Compact mats for calm, creative play. Designed in Switzerland and made from certified silicone leather in Korea.
Compact mats for calm, creative play. Designed in Switzerland and made from certified silicone leather in Korea.
When we started weaning, I went through three different mats in six months. One stained permanently after a week of turmeric dal. One curled at the edges and became a trip hazard. One needed washing after every meal, which meant it was always in the laundry when I needed it.
The problem was never the mess. The problem was the material. I have spent the years since then learning more about surface materials than any parent should have to. This is what I found.
This guide covers why most splat mats fail, what material actually works long term, and how to choose the right size for your high chair setup.
TL;DR · 8 min read
Most splat mats fail because of the material, not the design. Vinyl stains permanently. Fabric needs constant washing. Foam delaminates. Silicone leather (Oeko-Tex Class I, same grade as baby pacifiers) is non-porous, wipes clean in seconds, and lasts 3+ years. The Roam Round (Ø 105 cm, CHF 123) and Roam Square (98 × 98 cm, CHF 118) cover the real splash zone.
Why most mats fail · What actually works · Size guide · How to choose
New to splat mats? Start with our overview: Why Use a Splat Mat Under a High Chair.
"Waterproof" does not mean stain-proof. This is where most parents get caught.
Vinyl and PVC are porous at a surface level. Liquids bead off, but high-pigment foods like turmeric, blueberry, spaghetti sauce, and beetroot bond with the surface over time. Within three to four months of daily use, the mat carries a visible shadow of every colourful meal.

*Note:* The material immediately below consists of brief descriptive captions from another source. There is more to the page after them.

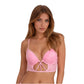 Bra Push Up 20626 Plunge con Encaje, Banda Ancha y Tiras
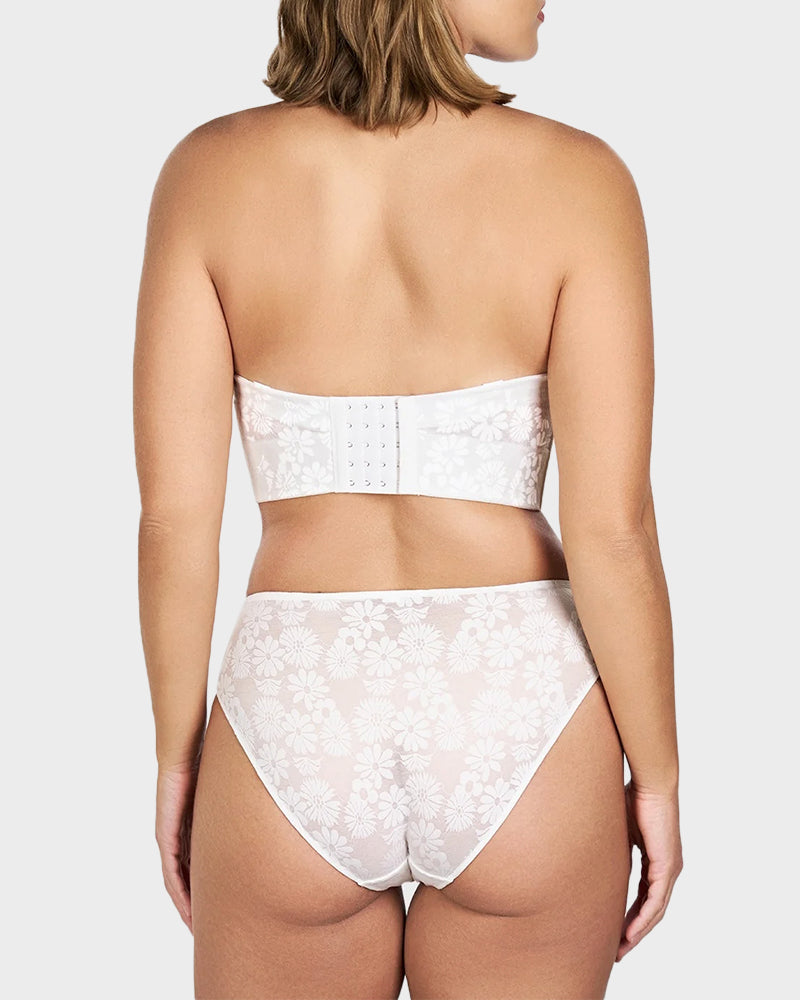 Blossom Strapless Lace Corset Bra
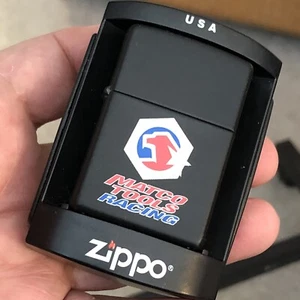 Vintage 2002 Matco Tools Racing Team Zippo Lighter Black In Box New - Picture 1 of 6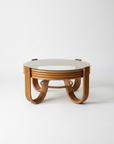 Caramel Pretzel Rattan Coffee Table 80cm Dia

PVC also hardens with temperature changes. Edges curl upward, trapping food underneath and creating a trip hazard for crawling babies and cruising toddlers. Once curled, the mat does not flatten again.
Then there is the smell. Cheap PVC off-gasses for weeks after unboxing. Most budget mats carry no safety certifications at all.
Fabric mats are sold as "convenient" because they are machine washable. In practice, this means three to five extra loads of laundry per week during weaning.
The mat gets dirty at breakfast. It goes in the machine. It takes an hour to wash and four hours to dry. By lunch, it is still damp in the laundry basket. So you clean the floor by hand anyway.
Fabric also absorbs. Liquids soak through to the floor. Yoghurt and milk set into the fibres and develop a sour smell that survives multiple washes. After six months, most fabric mats are fraying, discoloured, and overdue for replacement.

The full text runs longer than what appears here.